Voyons les deux définitions principales du dictionnaire :
- Étendue de la Terre sur laquelle vit un groupe humain : avouez qu’on peut difficilement faire plus vague. Donc, s’il existe un bout de terre où vivent trois pèlerins, c’est un territoire. C’est assez simple, en fait simpliste. Je vais donc l’appliquer à mes chats et aux sangliers (quand il en reste après le passage de certains …).
- Au sens figuré (observez attentivement le mot “figuré“ qui veut dire bien des choses) : Lieu que quelqu’un s’approprie dans son travail, son domicile, ses loisirs, etc. Approprier : voilà le truc ! C’est le sens que choisiront les lecteurs habituels d’IPNS, c’est évident. Qui a beaucoup à voir avec la géographie sociale, culturelle, militante. En réalité, tous les “blaireaux“ lui donnent un sens affectif. Pour certains, la ZAD de Notre Dame des Landes fait partie du même territoire que le “plateau rebelle“. Pour d’autres, le territoire se déplace de concerts, en expos, en conférences, en marchés, en fêtes ... Çà me plait assez. Mais voilà ...
Plus on parle d’un territoire, moins on s’en occupe
En l’occurrence, ceux qui ont introduit ce mot “fashionable“ n’y vivent pas, dans ce fameux territoire, que quelques-uns s’amusent à attribuer aux blaireaux. C’est une invention de la DATAR, conçue par d’anciens de l’ENA : de la pure technocratie ! Je dirai donc : PLUS on parle d’un territoire, MOINS on s’en occupe (“on“ étant qui vous savez). Plus on AMÉNAGE, plus on DÉMÉNAGE. Je pense que vous me comprendrez. Surtout quand ces braves gens s’ingénient à changer constamment les limites du fameux territoire.

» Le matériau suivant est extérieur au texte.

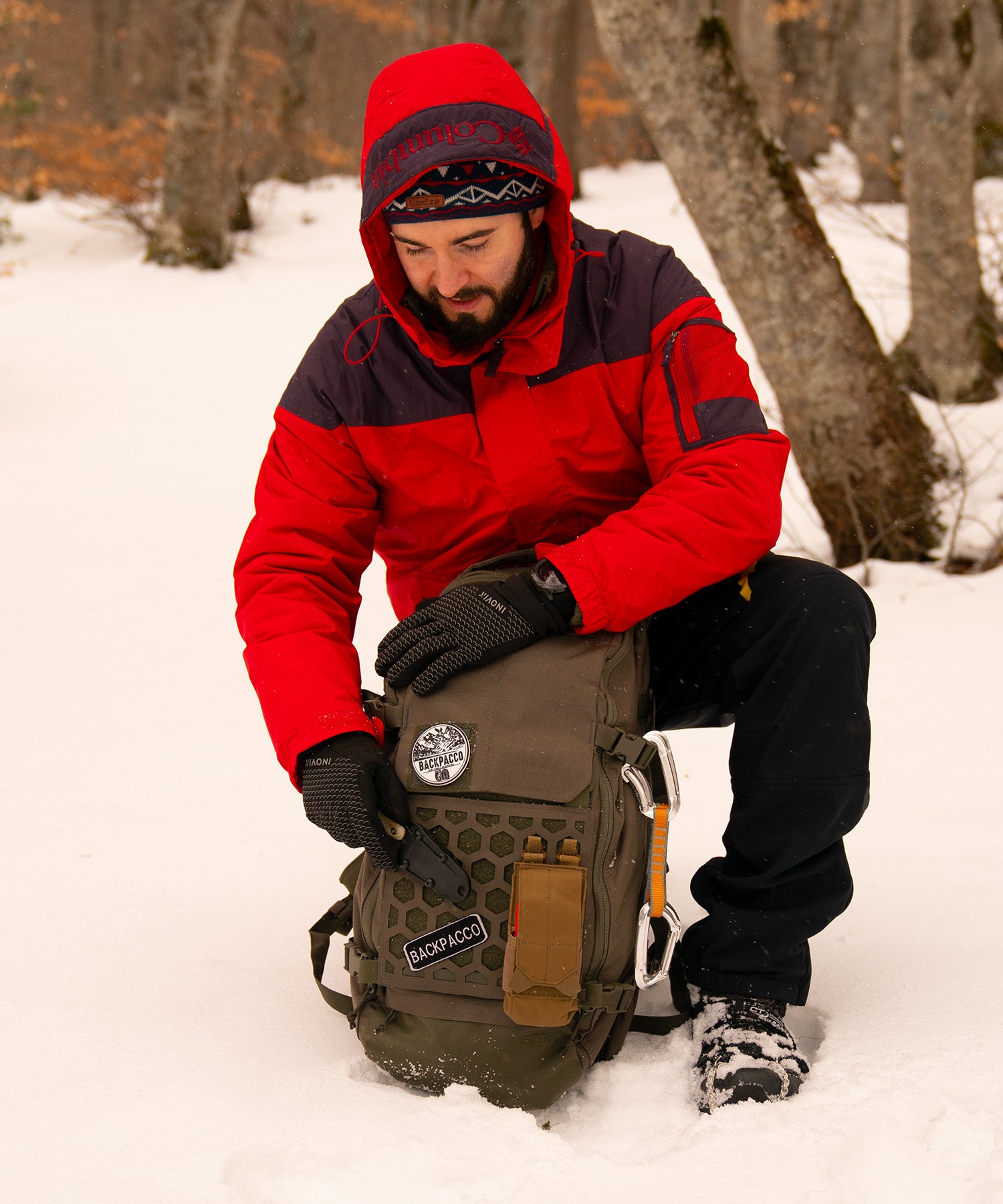 Paolo di backpacco estrae il coltello Izula 2 dallo zaino AMP24 Ranger Green durante un'escursione in montagna con la neve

Alors, quoi dire d’autre ? Voici un exemple très précis : dans un ouvrage daté de 1986, co-écrit par un certain nombre d’auteurs (historiens, sociologues, géographes, ...) assez connus par “chez nous“ - M.F. Houdart, J.-F. Pressicaud ou G. Monédiaire par exemple - le mot territoire n’est JAMAIS utilisé. Ce livre s’appelle : “Approches anthropologiques des ESPACES“. Ben, le voilà LE mot ! En tant que sympathisant de votre “approche“, j’aimerais tant que vous n’utilisiez pas le même vocabulaire que les élus, bureaucrates et technocrates lèche-bottes... celui de leurs maîtres, ou leurs toutous, c’est selon, tous gens qui se contrefoutent de leur “territoire“, comme de leurs habitants. Habitants qui – c’est facile à vérifier – ne disent jamais : j’habite un territoire, mais “un coin“, “un patelin“, une commune, un “païs“ : le Plateau (avec majuscule). Les anciens des luttes du Larzac disaient bien “Volem viure al païs“, et non “al terrador“. Vous conviendrez que ce dernier mot n’est pas très commun. Quant à “territori“, il n’existe pas. Et je pourrais prolonger en parlant du PARC, mais j’arrête là. J’en ai un derrière la maison (de parc) : c’est le territoire de mes chiens.